A comprehensive tool for analyzing writing style and document characteristics, providing detailed metrics and ML-ready outputs.
-
Comprehensive Analysis: Extracts and analyzes multiple aspects of writing style
- Lexical features (word usage, vocabulary richness)
- Syntactic patterns (sentence structure, complexity)
- Structural elements (paragraph organization, text density)

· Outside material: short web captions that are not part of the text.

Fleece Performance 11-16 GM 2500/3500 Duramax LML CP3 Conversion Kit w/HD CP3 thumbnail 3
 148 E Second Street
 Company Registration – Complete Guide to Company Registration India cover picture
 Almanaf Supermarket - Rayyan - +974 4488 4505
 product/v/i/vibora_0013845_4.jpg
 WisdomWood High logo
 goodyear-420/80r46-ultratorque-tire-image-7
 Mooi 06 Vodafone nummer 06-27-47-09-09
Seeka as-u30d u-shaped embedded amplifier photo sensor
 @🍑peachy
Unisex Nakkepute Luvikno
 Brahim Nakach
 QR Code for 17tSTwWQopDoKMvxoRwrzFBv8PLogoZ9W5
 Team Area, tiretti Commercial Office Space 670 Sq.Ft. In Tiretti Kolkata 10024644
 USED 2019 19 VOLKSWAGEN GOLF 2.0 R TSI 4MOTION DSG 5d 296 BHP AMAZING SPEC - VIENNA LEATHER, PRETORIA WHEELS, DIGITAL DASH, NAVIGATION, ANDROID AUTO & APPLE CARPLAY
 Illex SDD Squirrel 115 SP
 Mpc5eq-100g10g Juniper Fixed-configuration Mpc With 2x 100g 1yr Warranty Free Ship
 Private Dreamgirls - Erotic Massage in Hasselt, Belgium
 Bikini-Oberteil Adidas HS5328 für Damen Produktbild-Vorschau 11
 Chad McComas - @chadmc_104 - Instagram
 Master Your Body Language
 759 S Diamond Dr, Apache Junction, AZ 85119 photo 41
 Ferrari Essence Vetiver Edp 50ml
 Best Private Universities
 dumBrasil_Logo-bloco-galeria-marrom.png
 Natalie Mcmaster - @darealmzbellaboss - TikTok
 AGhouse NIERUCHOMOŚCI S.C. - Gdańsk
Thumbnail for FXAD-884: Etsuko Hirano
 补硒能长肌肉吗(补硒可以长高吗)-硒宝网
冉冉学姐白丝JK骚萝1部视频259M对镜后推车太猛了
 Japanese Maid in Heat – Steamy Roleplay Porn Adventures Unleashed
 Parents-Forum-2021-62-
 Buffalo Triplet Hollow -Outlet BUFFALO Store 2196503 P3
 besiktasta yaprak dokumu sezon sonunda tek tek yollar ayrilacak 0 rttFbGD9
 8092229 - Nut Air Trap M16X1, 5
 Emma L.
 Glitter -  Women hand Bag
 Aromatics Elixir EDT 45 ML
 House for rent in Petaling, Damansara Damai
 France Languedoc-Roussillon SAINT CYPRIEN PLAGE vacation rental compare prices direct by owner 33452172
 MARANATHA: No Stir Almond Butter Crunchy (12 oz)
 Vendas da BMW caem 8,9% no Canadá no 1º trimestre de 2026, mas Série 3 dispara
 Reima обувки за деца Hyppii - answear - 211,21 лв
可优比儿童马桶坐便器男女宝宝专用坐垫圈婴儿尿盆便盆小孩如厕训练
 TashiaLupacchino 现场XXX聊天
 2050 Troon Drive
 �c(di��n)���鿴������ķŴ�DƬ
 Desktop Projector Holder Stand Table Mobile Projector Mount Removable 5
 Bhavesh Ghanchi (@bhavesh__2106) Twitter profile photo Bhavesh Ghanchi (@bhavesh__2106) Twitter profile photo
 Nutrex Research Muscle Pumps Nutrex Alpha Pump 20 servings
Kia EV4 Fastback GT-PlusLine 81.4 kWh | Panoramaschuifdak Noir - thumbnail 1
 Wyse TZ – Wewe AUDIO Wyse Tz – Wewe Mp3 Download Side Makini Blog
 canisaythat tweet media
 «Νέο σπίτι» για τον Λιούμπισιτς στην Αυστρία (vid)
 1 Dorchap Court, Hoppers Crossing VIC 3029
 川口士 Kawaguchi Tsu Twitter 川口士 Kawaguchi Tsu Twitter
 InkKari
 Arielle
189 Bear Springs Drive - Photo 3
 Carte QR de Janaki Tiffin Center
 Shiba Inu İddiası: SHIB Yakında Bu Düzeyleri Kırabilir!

- Readability metrics (Flesch Reading Ease, Gunning Fog)
-
Multiple Output Formats:
- Detailed JSON reports
- ML-ready CSV format
- Human-readable summaries
-
Advanced Metrics:
- Style consistency scoring
- Document complexity analysis
- Writing pattern detection
- Vocabulary usage assessment
-
Performance:
- Efficient PDF text extraction
- Parallel processing for large documents
- Optimized feature calculations
-
Developer-Friendly:
- Modular architecture
- Extensive logging
- Clear documentation
- Type-safe implementation
- Python 3.8 or higher
- pip (Python package installer)
- Virtual environment (recommended)
- Clone the repository:
git clone https://github.com/yourusername/stylometrics-analyzer.git
cd stylometrics-analyzer
- Create and activate a virtual environment:
# Windows
python -m venv venv
.\venv\Scripts\activate
# Linux/Mac
python -m venv venv
source venv/bin/activate
- Install dependencies:
# Install required packages
pip install -r requirements.txt
# Install NLTK data
python -c "import nltk; nltk.download('punkt'); nltk.download('stopwords'); nltk.download('averaged_perceptron_tagger')"
# Install spaCy model
python -m spacy download en_core_web_sm
# Install the package in development mode
pip install -e .
python -m src.main "<path_to_pdf>"
or
stilo "<path_to_pdf>"
# Creates:
# - results/analysis_TIMESTAMP.json
# - results/analysis_TIMESTAMP.csv
This will create both JSON and CSV files in the results directory with a timestamp.
- JSON output only:
python -m src.main "<path_to_pdf>" --format json
or
stilo "<path_to_pdf>" --format json
# Creates: ./results/analysis_TIMESTAMP.json
- CSV output only:
python -m src.main "<path_to_pdf>" --format csv
or
stilo "<path_to_pdf>" --format csv
# Creates: ./results/analysis_TIMESTAMP.csv
-
JSON (default when format specified):
- Complete analysis with all metrics
- Formatted for readability (pretty-printed)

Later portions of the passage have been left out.